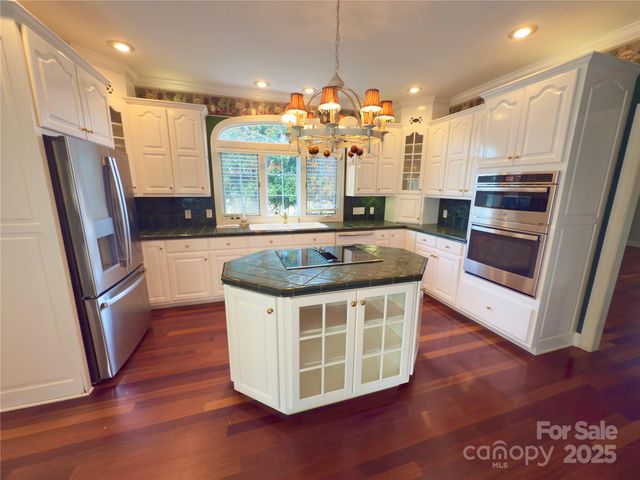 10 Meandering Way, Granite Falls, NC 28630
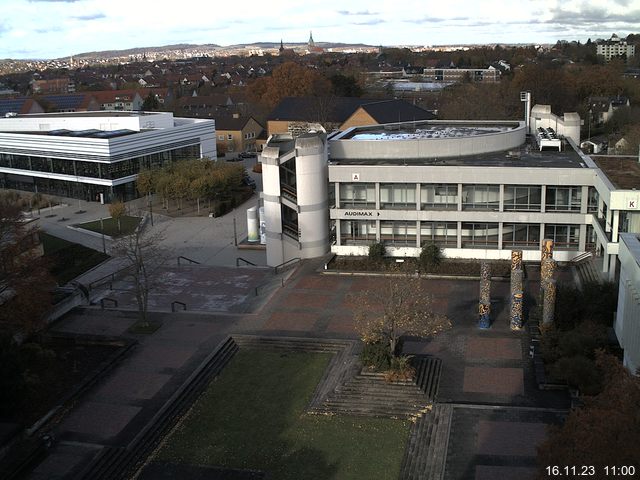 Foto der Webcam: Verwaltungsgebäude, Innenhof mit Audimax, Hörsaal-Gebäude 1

==

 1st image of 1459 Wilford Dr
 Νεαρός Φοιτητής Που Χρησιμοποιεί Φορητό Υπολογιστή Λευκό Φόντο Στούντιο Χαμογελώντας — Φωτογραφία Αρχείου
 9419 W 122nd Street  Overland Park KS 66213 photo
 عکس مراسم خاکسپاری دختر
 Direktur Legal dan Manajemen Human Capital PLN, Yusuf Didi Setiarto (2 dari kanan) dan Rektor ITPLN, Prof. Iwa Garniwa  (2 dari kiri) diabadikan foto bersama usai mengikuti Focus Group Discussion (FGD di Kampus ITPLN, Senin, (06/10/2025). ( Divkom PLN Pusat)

= Your objective =
Using the data above, output the line that has "10 Meandering Way, Granite Falls, NC 28630", the line that has "Foto der Webcam: Verwaltungsgebäude, Innenhof", and whatever lines fall between, each exactly as it stands and without pictures.

= Solution below =
 10 Meandering Way, Granite Falls, NC 28630
 Foto der Webcam: Verwaltungsgebäude, Innenhof mit Audimax, Hörsaal-Gebäude 1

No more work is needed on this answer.